# Brief descriptive captions:
○ ○ ○ ○
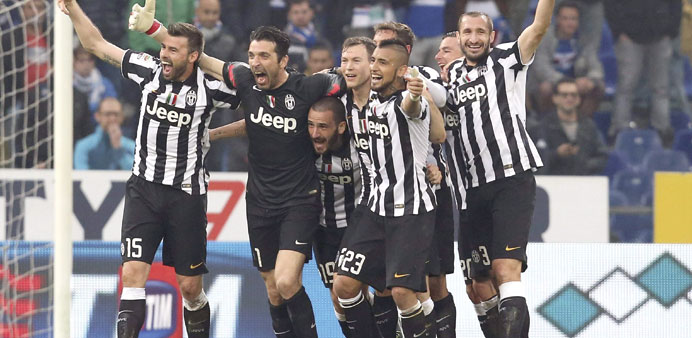 Juventusu2019 players celebrate after winning their fourth successive Serie A crown, and their first under coach Massimiliano Allegri, by beating Sampdori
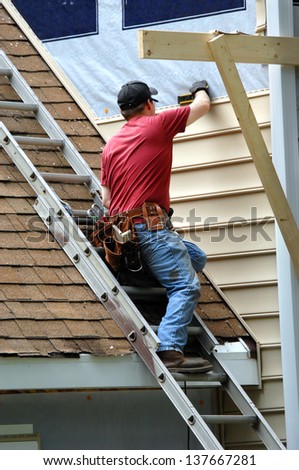 Young carpenter remodels aging home.  He is installing siding and is using a level to be sure installation is precise.  He is standing on a ladder on rooftop.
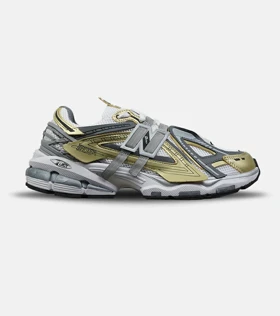 کفش کتانی مردانه و زنانه سفید طوسی طلایی New Balance 1906R مدل 9018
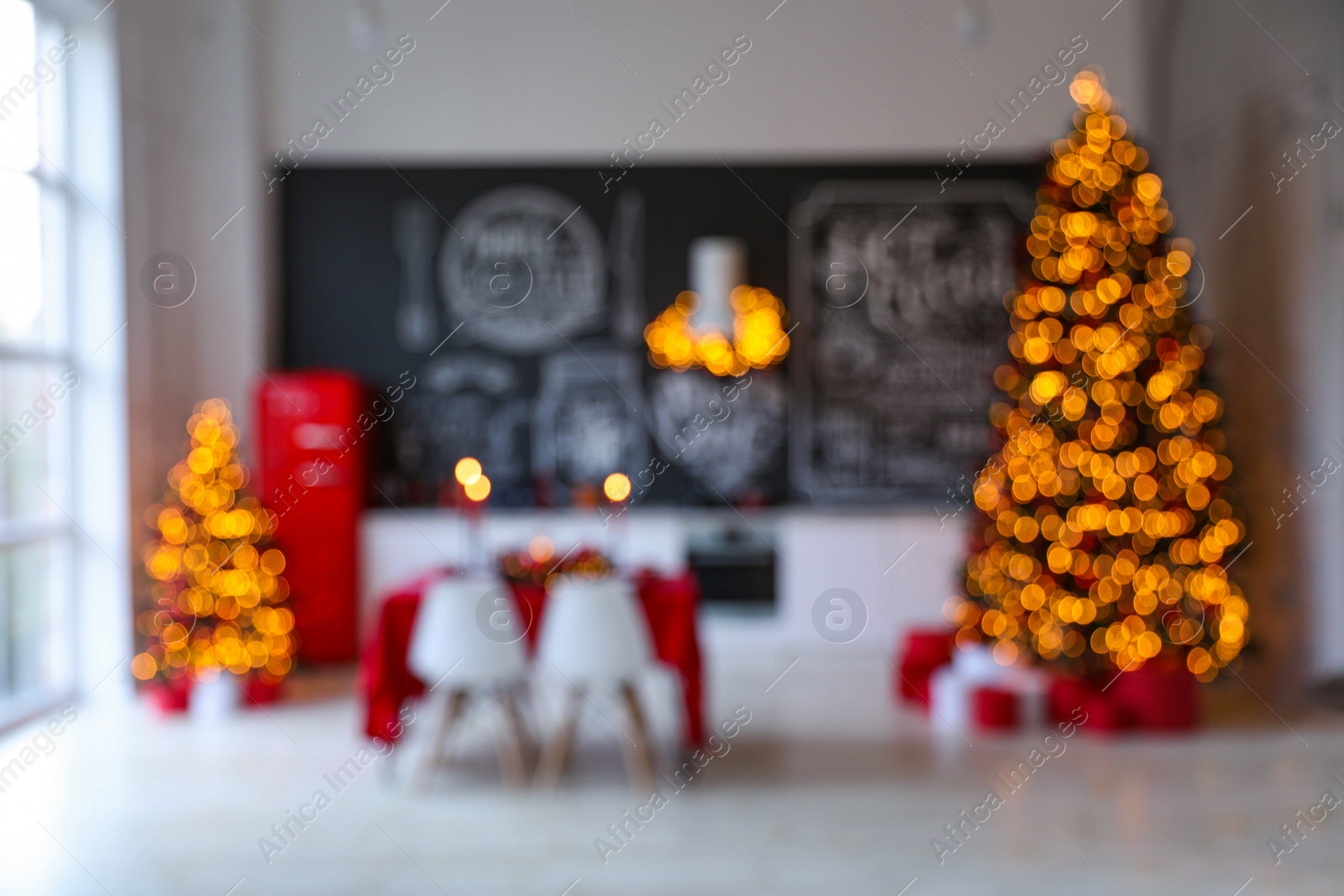 Photo of Stylish kitchen interior with festive table and  decorated Christmas trees, blurred view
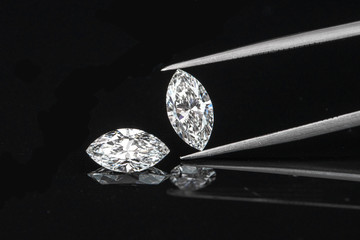 marquise diamond with tweezer on black background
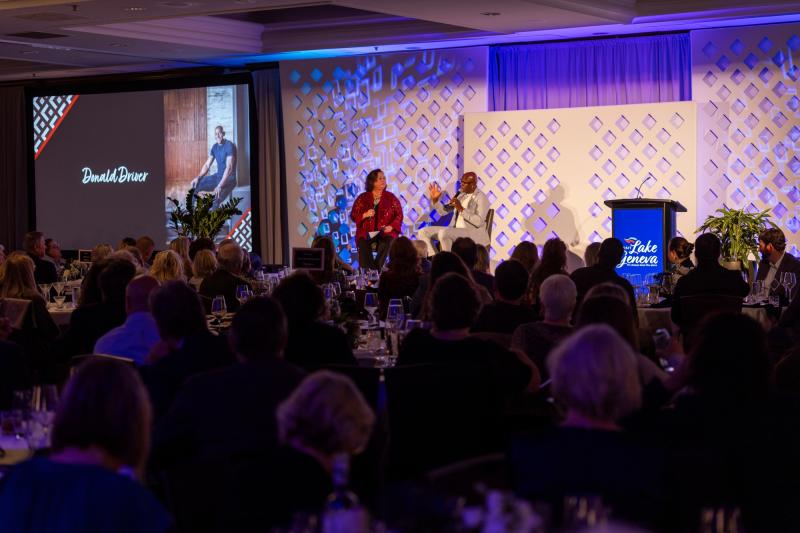 Donald Driver and Stephanie Klett talking on stage at the 2025 Annual Dinner and Impact Awards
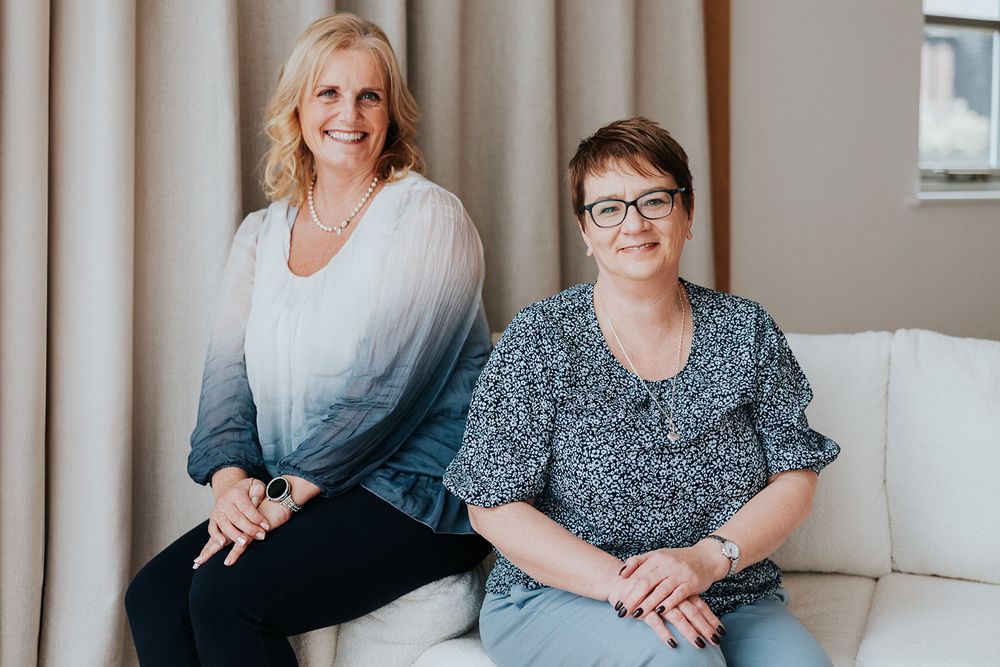 Two people sitting together on a beige couch, one wearing white ombre top and one in a floral print blouse.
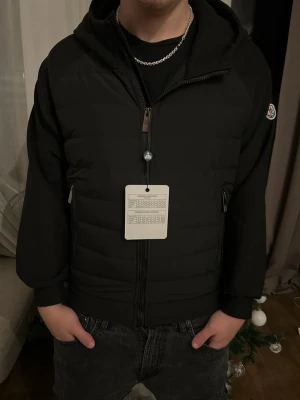 Svart pufferjacka från Moncler - Säljer en svart pufferjacka från Moncler med huva och dragkedja framtill. Jackan har Moncler-logga på vänster ärm och två sidofickor med dragkedja. Materialet är en mix av vadderad front och mjuka ärmar, perfekt just nu när våren kommit!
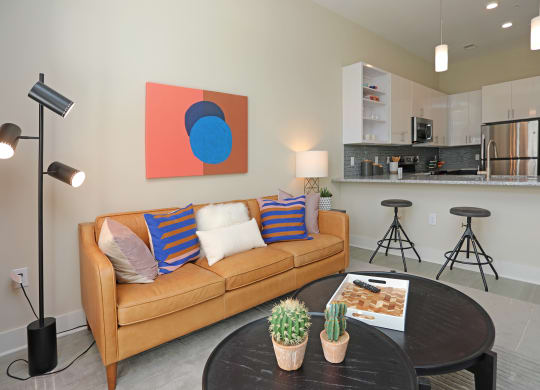 Living Room With Kitchen View at Link Apartments® Innovation Quarter, Winston Salem, North Carolina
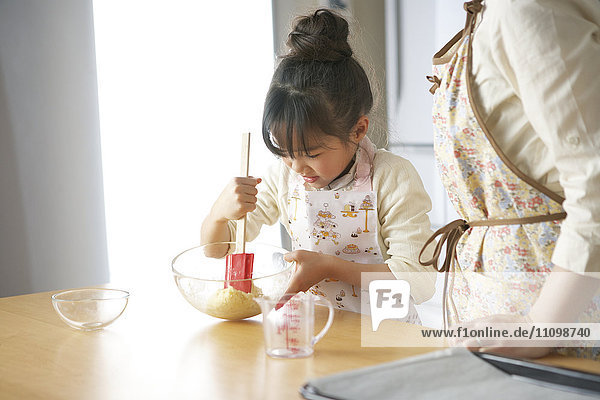 Mother and daughter cooking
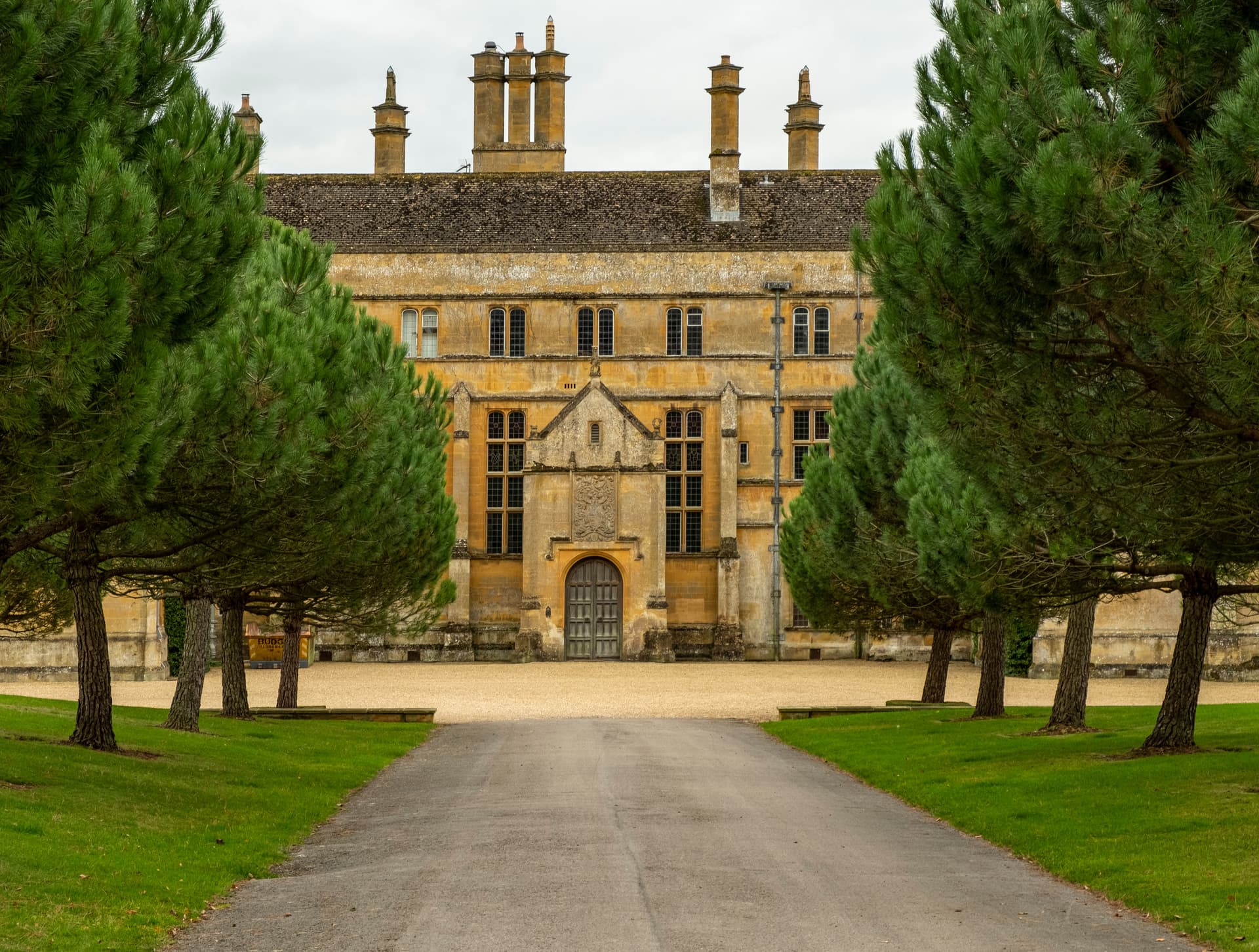 Batsford House in Moreton-in-Marsh, Cotswolds, viewed down an avenue of pine trees.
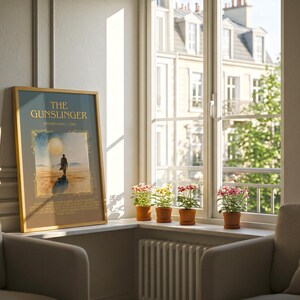 May include: A framed poster titled "The Gunslinger" leans against a wall next to a window. The poster features a figure on a beach with a large sun. Small potted plants sit on the windowsill. Two armchairs are in the foreground.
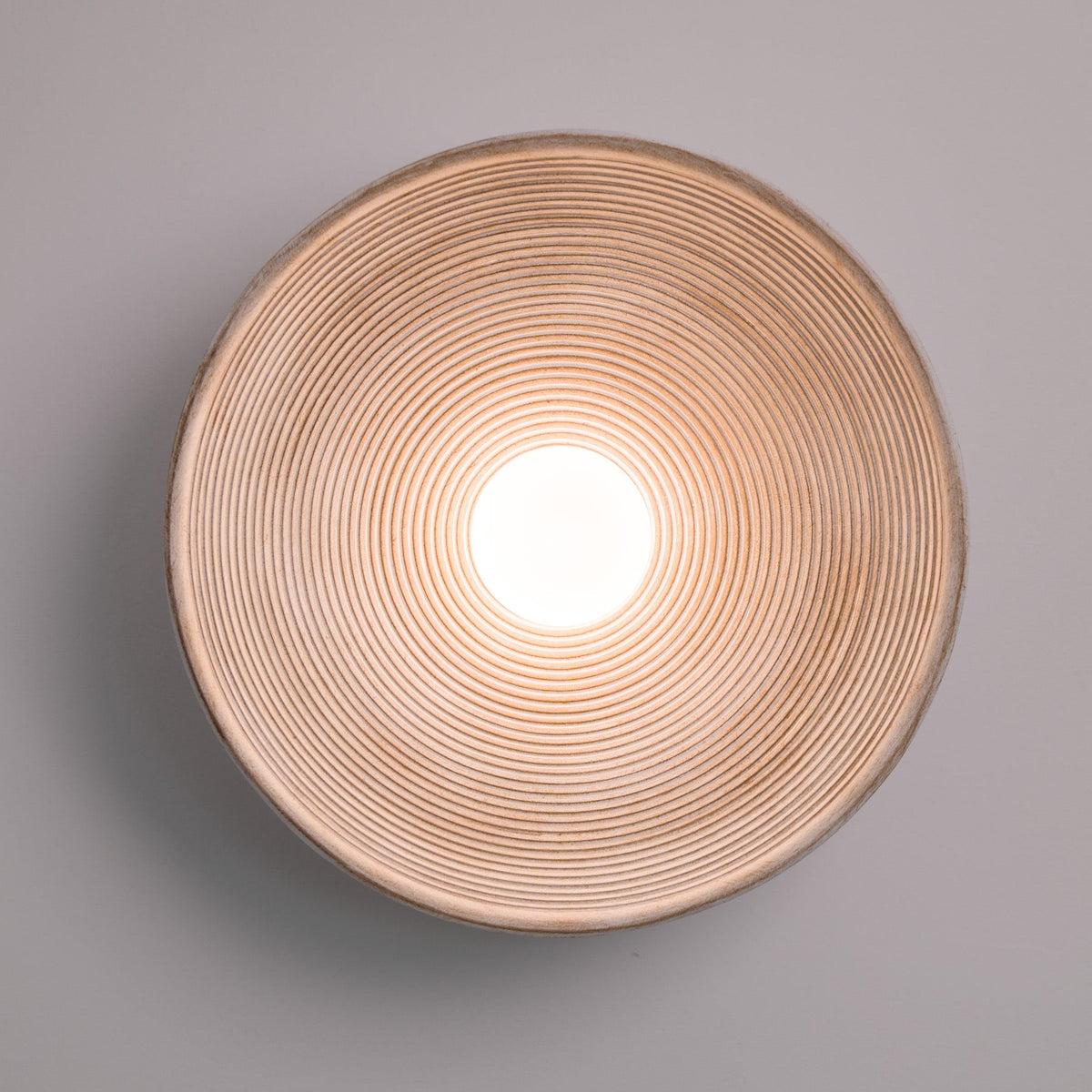 Longleaf Wooden Texture Plate Wall Light In White, styled above a table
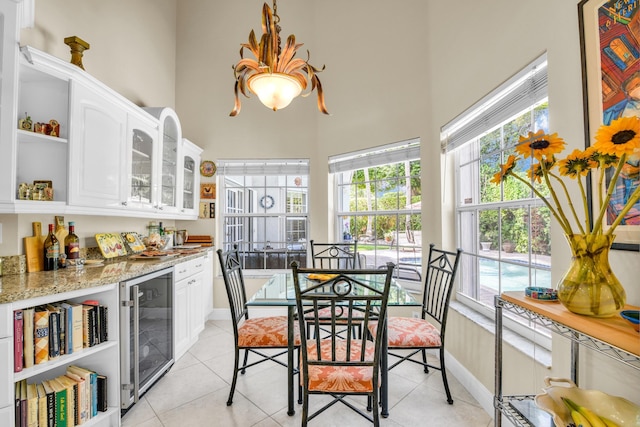 6106 Vista Linda Ln, Boca Raton, FL 33433 - kitchen with a towering ceiling, open shelves, white cabinets, a healthy amount of sunlight, and beverage cooler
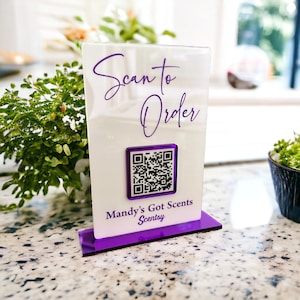 May include: A white sign with purple text and a purple border. The sign says "Scan to Order" and has a QR code. Below the QR code is the text "Mandy's Got Scents Scentsy".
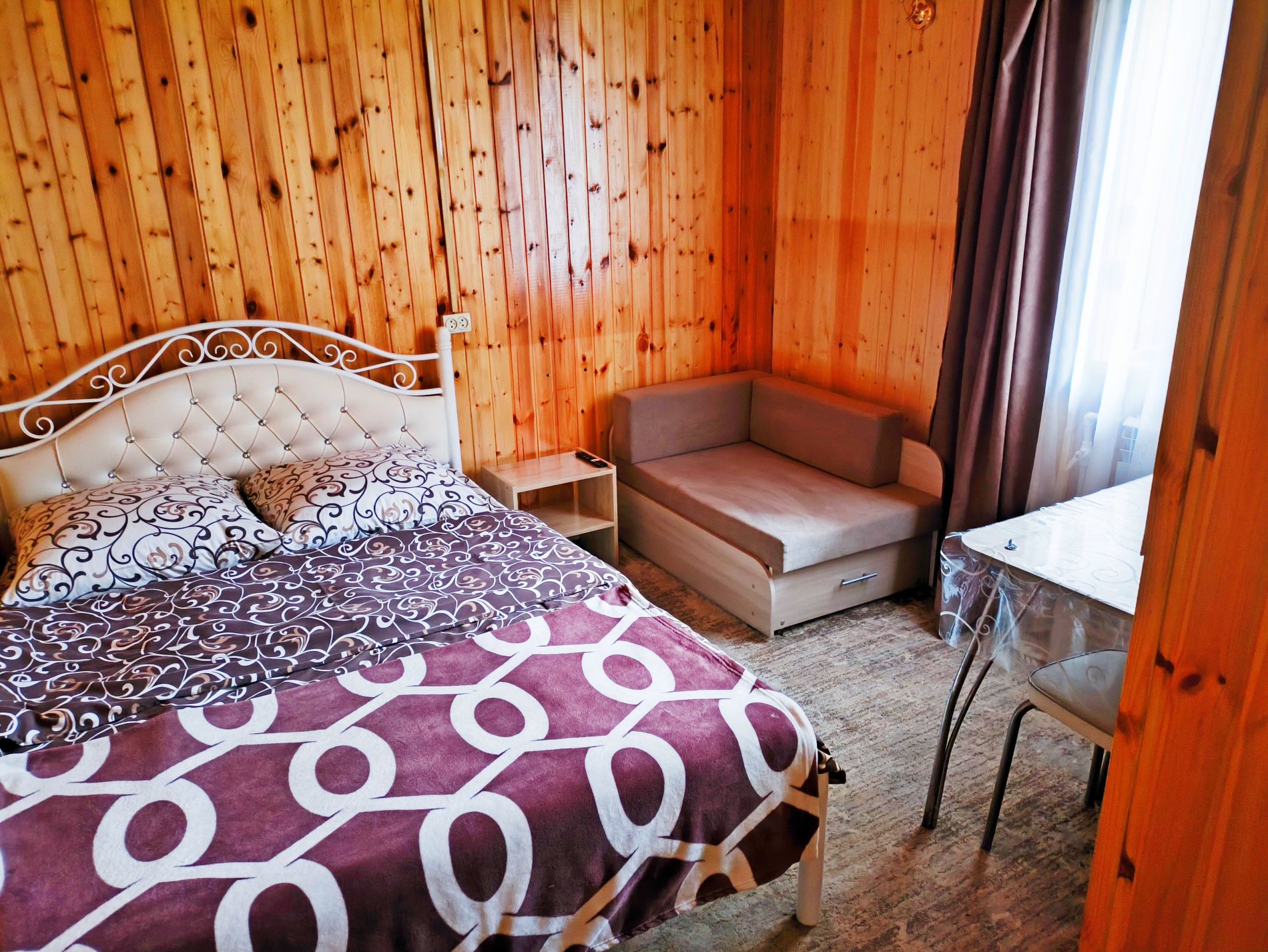 Трехместный номер Делюкс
○ ○ ○ ○
# Exercise aim:
Copy word for word the lines of the records above from the one with "Donald Driver and" up to and including the one with "6106 Vista Linda". Skip the pictures.

# Result:
 Donald Driver and Stephanie Klett talking on stage at the 2025 Annual Dinner and Impact Awards
 Two people sitting together on a beige couch, one wearing white ombre top and one in a floral print blouse.
 Svart pufferjacka från Moncler - Säljer en svart pufferjacka från Moncler med huva och dragkedja framtill. Jackan har Moncler-logga på vänster ärm och två sidofickor med dragkedja. Materialet är en mix av vadderad front och mjuka ärmar, perfekt just nu när våren kommit!
 Living Room With Kitchen View at Link Apartments® Innovation Quarter, Winston Salem, North Carolina
 Mother and daughter cooking
 Batsford House in Moreton-in-Marsh, Cotswolds, viewed down an avenue of pine trees.
 May include: A framed poster titled "The Gunslinger" leans against a wall next to a window. The poster features a figure on a beach with a large sun. Small potted plants sit on the windowsill. Two armchairs are in the foreground.
 Longleaf Wooden Texture Plate Wall Light In White, styled above a table
 6106 Vista Linda Ln, Boca Raton, FL 33433 - kitchen with a towering ceiling, open shelves, white cabinets, a healthy amount of sunlight, and beverage cooler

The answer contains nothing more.